No en vano pues, el artículo 46 del PIDCP reza, de manera perentoria y clara, que “ninguna disposición del presente Pacto deberá interpretarse en menoscabo de las disposiciones de la Carta de las Naciones Unidas o de las constituciones de los organismos especializados que definen las atribuciones de los diversos órganos de las Naciones Unidas y de los organismos especializados en cuanto a las materias a que se refiere el presente Pacto”.
Los derechos esenciales del hombre no dependen de su nacionalidad y “tienen como fundamento los atributos de la naturaleza humana” dice el Preámbulo de La Convención Americana de Derechos Humanos, reafirmados como están en la Declaración Universal de los Derechos Humanos y en la Declaración Americana de Derechos y Deberes del Hombre, como en el PIDCP.
Universalidad, inespacialidad, intemporalidad y amodalidad son sus características, mismas que repugnan a la idea de que, por virtud de un plazo razonable, la aplicación de los Derechos Humanos reconocidos en las convenciones sobre Derechos Humanos, se encuentren en vacancia como lo pretende la Procuraduría General de la Nación.

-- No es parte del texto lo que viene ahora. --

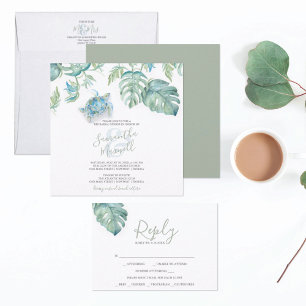 Destination Wedding Invitations Watercolor Beach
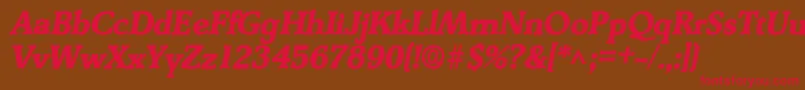 DerringerlhBoldItalic Font – Red Fonts on Brown Background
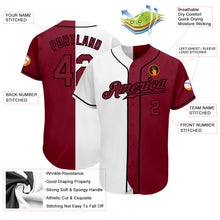 Load image into Gallery viewer, Custom White Crimson-Black Authentic Split Fashion Baseball Jersey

Ello resulta impensable e inadmisible, sólo es posible entenderlo en un marco de malabarismo jurídico, subterfugio conceptual o falacia argumental, pues la “Convención de Viena sobre el derecho de los tratados” señala reglas de imperativo cumplimiento a la cual los contrayente de un tratado no se pueden oponer a su contenido, puesto que:
Considerando la función fundamental de los tratados en la historia de las relaciones internacionales; Reconociendo la importancia cada vez mayor de los tratados como fuente del derecho internacional y como medio de desarrollar la cooperación pacífica entre las naciones, sean cuales fueren sus regímenes constitucionales y sociales: Advirtiendo que los principios del libre consentimiento y de la buena fe y la norma “pacta sunt servanda” están universalmente reconocidos
Ninguna de dichas normas autoriza, pero ni siquiera insinúa, una interpretación tal salida de tono jurídico como la que propone la Procuraduría, Circular que va en contra de la Carta Política y del Bloque de Constitucionalidad, por lo cual debe ser exceptuada su aplicación por inconstitucional e ilegal al tenor del inciso 2º del artículo 4, so pena de incurrir el administrador de justicia en sentido material como lo es el juez disciplinario en una vía de hecho o causal de procedibilidad de la acción de tutela, a menos que estemos convencidos que han revividos deberes jurídicos vinculantes como los que en su oportunidad informaron los deberes de obedecimiento ciego a las órdenes del superior militar, en épocas aciagas de oscurantismo jurídico frente a la prevalencia de los derechos fundamentales de que dan cuenta los artículos 1, 2, 4, 85, 86, 93 y 228 de la Carta Política.